• The problem
Set down exactly the lines below, from the one containing "아크테릭스 45L 토트 캔버스백 상품이미지4" through the final line, and include no others.

• Data supplied
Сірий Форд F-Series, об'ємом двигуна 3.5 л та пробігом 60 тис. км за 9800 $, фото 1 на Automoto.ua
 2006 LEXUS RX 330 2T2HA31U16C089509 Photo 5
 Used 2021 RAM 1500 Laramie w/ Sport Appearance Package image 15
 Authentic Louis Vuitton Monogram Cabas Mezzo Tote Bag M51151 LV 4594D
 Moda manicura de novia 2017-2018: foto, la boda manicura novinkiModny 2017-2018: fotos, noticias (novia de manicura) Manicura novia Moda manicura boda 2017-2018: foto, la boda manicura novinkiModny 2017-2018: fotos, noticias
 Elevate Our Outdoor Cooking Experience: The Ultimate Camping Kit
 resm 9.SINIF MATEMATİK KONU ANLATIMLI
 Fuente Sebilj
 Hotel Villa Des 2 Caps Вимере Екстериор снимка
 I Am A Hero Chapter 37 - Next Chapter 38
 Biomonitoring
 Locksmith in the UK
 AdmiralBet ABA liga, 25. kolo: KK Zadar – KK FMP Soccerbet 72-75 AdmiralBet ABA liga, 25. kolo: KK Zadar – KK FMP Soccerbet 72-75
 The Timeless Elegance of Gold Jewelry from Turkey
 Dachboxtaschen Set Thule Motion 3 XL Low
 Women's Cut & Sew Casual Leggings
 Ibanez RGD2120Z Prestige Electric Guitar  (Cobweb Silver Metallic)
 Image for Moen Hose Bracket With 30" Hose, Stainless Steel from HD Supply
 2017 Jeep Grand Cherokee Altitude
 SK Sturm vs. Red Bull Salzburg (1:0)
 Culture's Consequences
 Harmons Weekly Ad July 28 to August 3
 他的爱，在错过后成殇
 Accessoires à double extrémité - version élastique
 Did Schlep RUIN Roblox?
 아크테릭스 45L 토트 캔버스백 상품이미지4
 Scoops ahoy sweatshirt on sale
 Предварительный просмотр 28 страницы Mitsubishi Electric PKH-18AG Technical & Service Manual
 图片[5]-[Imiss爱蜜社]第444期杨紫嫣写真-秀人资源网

• Exercise result
 아크테릭스 45L 토트 캔버스백 상품이미지4
 Scoops ahoy sweatshirt on sale
 Предварительный просмотр 28 страницы Mitsubishi Electric PKH-18AG Technical & Service Manual
 图片[5]-[Imiss爱蜜社]第444期杨紫嫣写真-秀人资源网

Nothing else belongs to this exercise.